### Activity
In the entries that follow, find the line containing "We could probably" and the line containing "Slurring in legato", then copy exactly everything from the first through the second except the pictures.

### Material for this exercise
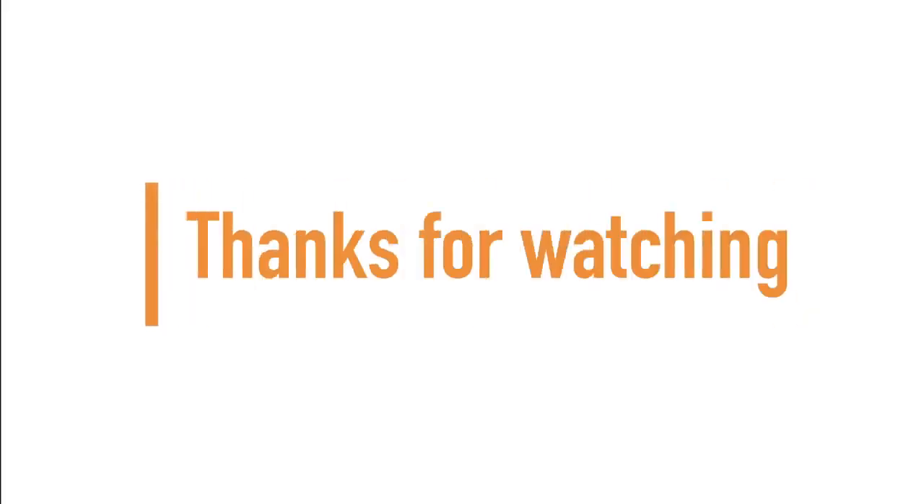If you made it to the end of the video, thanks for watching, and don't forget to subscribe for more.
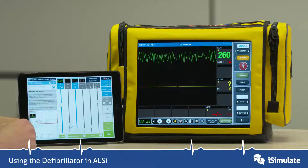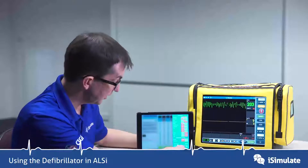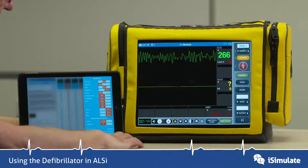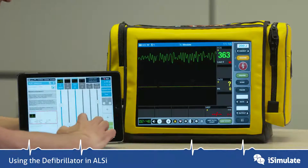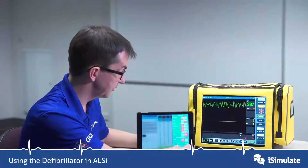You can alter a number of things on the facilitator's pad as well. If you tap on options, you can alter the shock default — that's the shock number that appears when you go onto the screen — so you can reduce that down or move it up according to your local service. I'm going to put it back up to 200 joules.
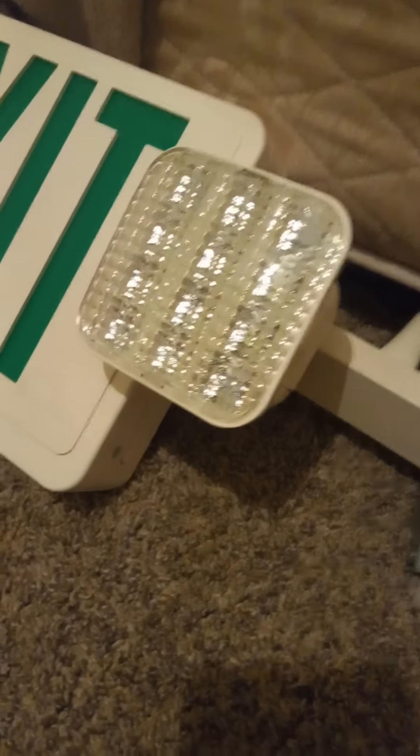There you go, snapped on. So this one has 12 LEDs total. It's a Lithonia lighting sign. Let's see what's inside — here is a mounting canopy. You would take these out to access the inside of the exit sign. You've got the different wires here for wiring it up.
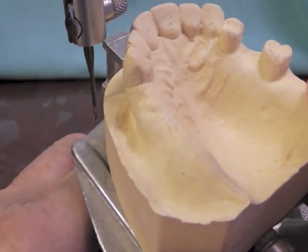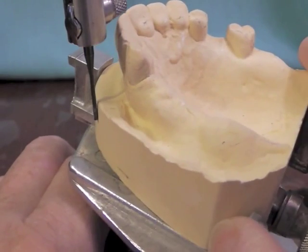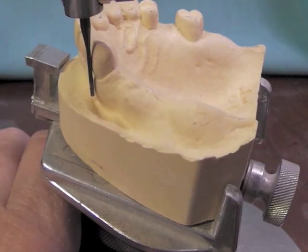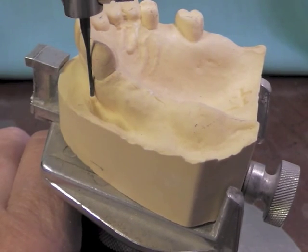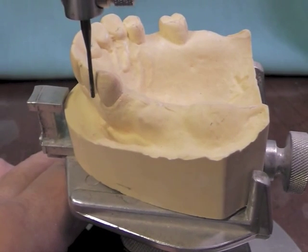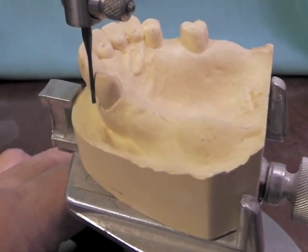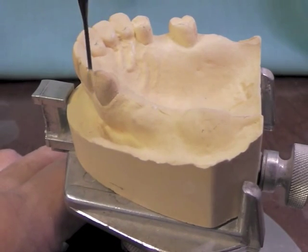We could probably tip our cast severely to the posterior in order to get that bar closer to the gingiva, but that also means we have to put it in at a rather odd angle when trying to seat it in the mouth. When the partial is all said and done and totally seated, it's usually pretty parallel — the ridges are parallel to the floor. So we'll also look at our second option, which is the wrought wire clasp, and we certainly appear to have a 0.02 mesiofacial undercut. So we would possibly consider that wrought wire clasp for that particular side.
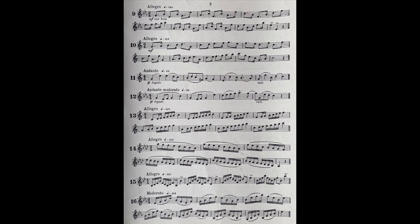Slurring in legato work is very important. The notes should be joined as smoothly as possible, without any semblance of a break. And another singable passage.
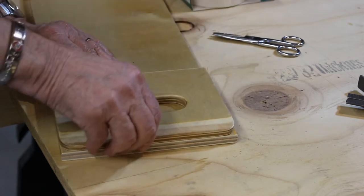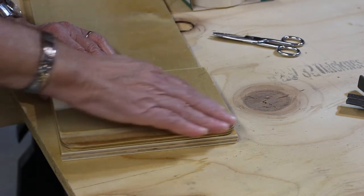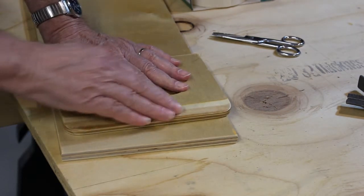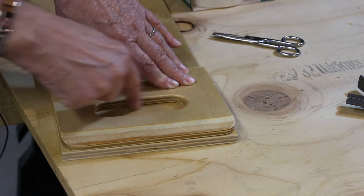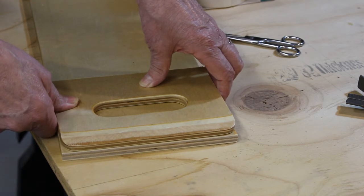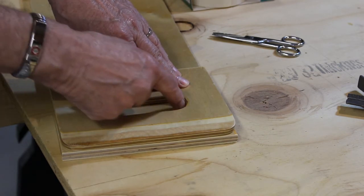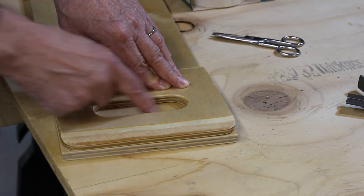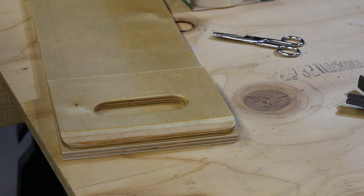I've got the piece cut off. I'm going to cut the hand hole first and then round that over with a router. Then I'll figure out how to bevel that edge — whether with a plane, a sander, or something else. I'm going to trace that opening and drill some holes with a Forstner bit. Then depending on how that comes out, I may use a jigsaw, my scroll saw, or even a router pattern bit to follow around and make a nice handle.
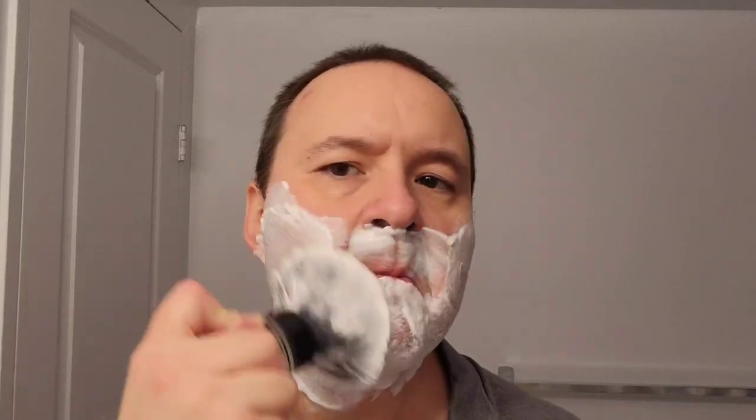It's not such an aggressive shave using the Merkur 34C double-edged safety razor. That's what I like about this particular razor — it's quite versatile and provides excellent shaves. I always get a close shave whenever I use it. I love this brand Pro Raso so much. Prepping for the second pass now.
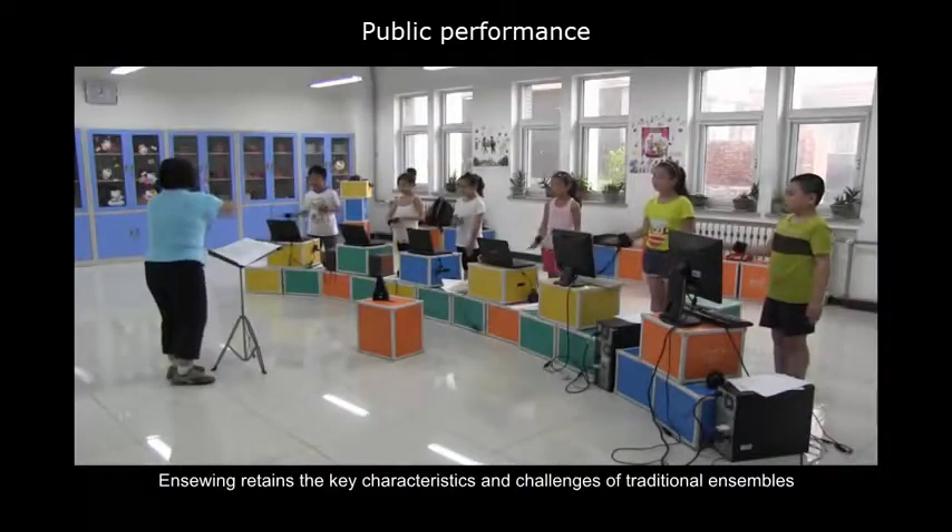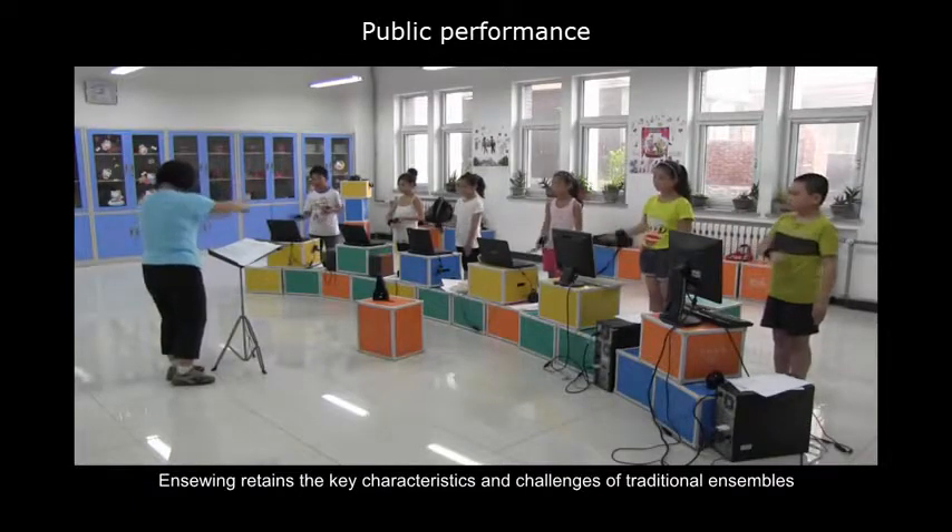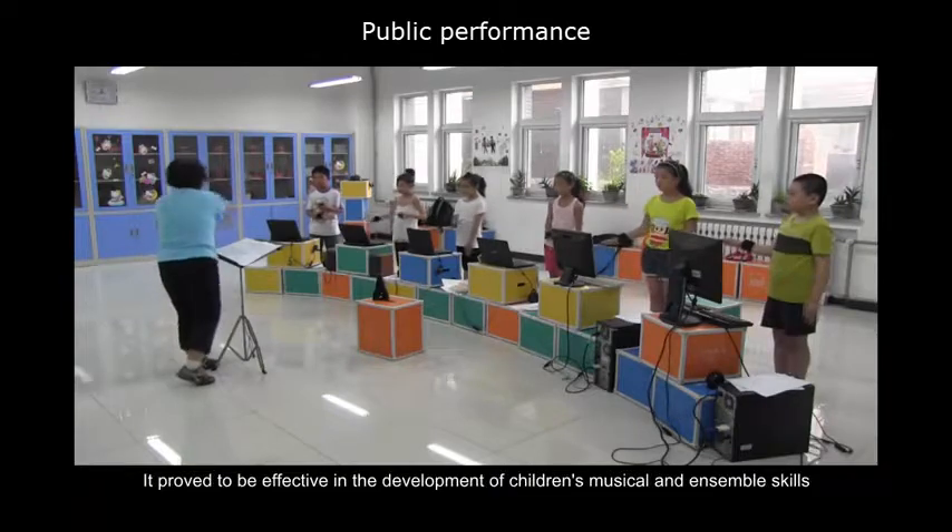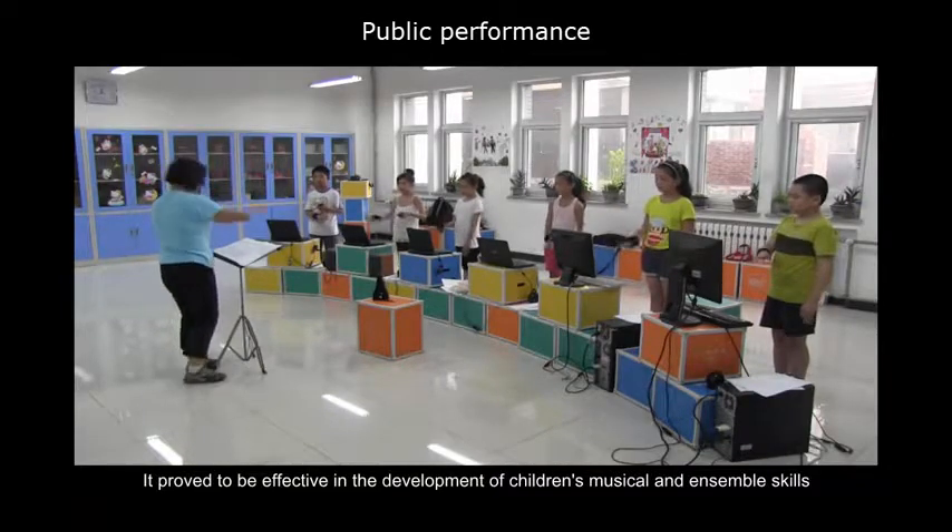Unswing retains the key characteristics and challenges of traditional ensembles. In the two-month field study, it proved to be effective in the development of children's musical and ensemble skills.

---

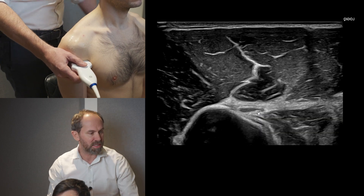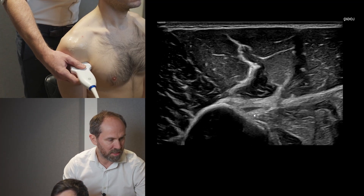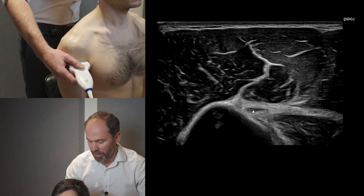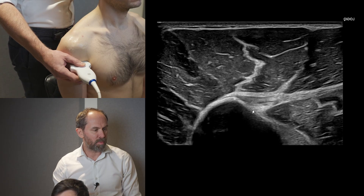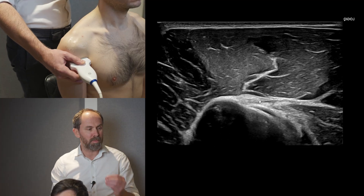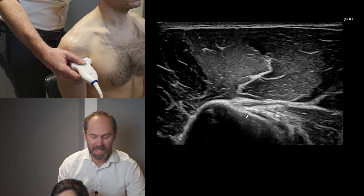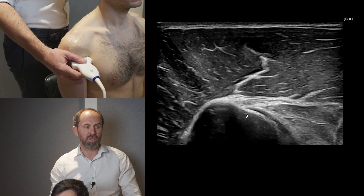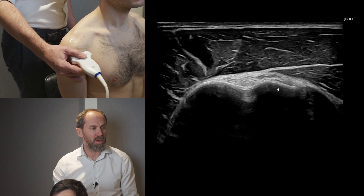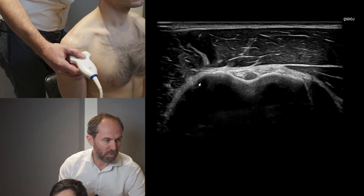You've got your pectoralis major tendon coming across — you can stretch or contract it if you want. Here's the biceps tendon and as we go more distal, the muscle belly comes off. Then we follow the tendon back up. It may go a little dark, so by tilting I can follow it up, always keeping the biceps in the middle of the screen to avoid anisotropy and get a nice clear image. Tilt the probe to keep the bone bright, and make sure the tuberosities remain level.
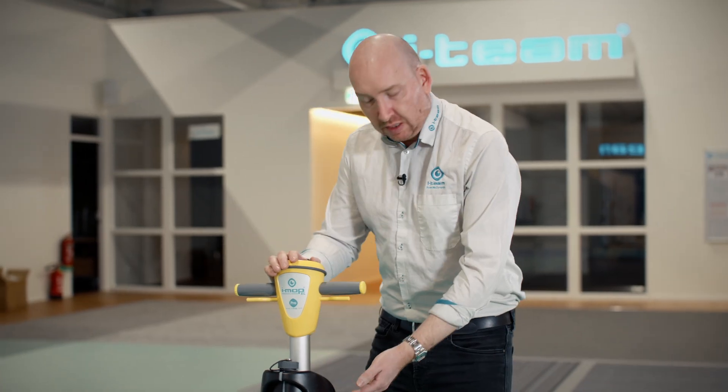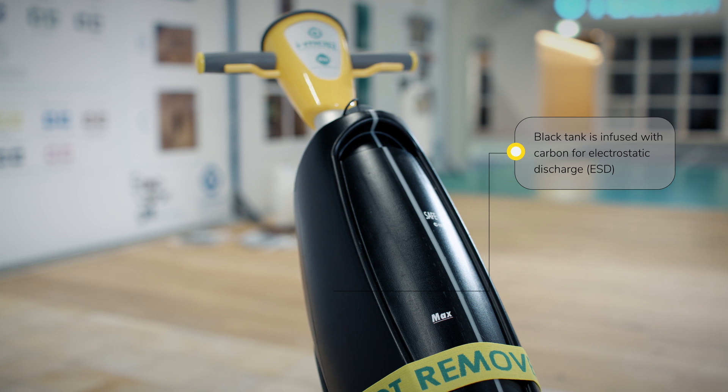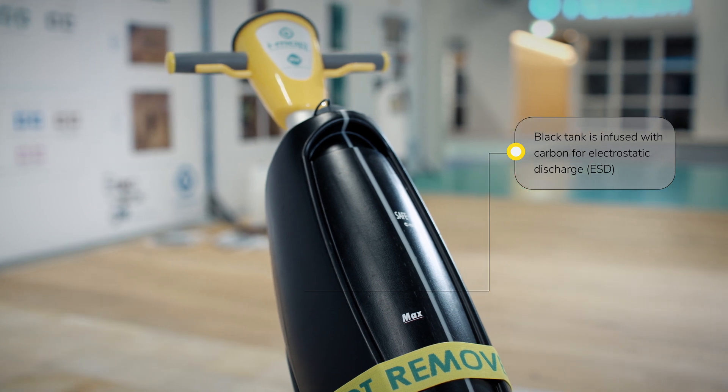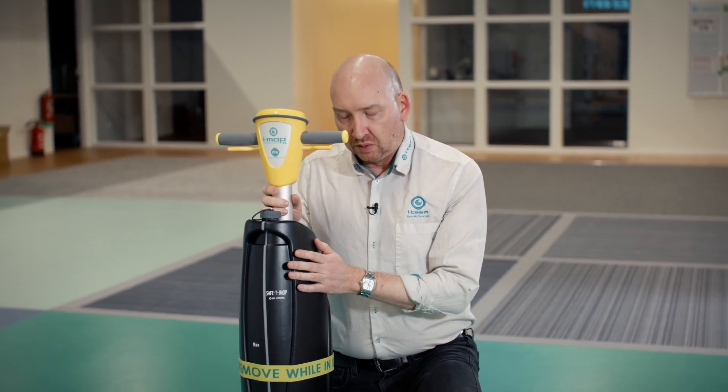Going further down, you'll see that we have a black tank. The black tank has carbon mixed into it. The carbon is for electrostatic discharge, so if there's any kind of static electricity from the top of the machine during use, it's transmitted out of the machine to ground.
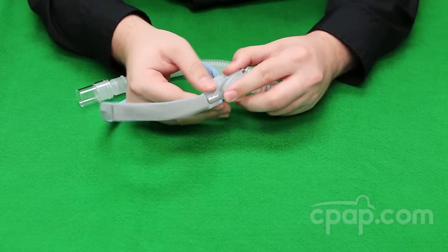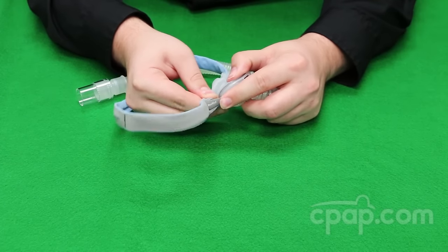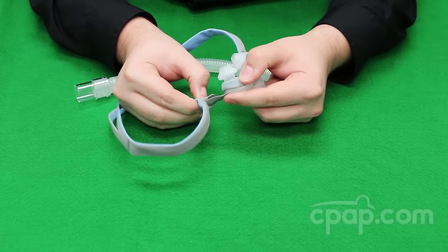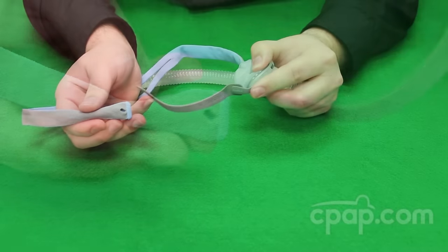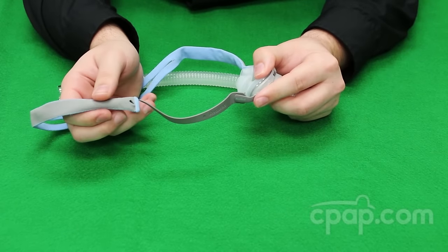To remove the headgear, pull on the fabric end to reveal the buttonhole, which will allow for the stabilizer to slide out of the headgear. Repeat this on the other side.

==

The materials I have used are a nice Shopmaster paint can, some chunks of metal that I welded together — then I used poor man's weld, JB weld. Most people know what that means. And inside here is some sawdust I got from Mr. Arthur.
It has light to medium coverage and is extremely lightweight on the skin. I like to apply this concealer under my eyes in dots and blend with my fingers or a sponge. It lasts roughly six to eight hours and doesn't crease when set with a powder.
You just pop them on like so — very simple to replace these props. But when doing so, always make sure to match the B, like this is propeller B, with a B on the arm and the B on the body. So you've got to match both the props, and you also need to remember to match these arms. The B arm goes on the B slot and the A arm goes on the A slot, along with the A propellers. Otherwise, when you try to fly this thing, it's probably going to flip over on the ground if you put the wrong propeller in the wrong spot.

### Solution below
We could probably tip our cast severely to the posterior in order to get that bar closer to the gingiva, but that also means we have to put it in at a rather odd angle when trying to seat it in the mouth. When the partial is all said and done and totally seated, it's usually pretty parallel — the ridges are parallel to the floor. So we'll also look at our second option, which is the wrought wire clasp, and we certainly appear to have a 0.02 mesiofacial undercut. So we would possibly consider that wrought wire clasp for that particular side.
Slurring in legato work is very important. The notes should be joined as smoothly as possible, without any semblance of a break. And another singable passage.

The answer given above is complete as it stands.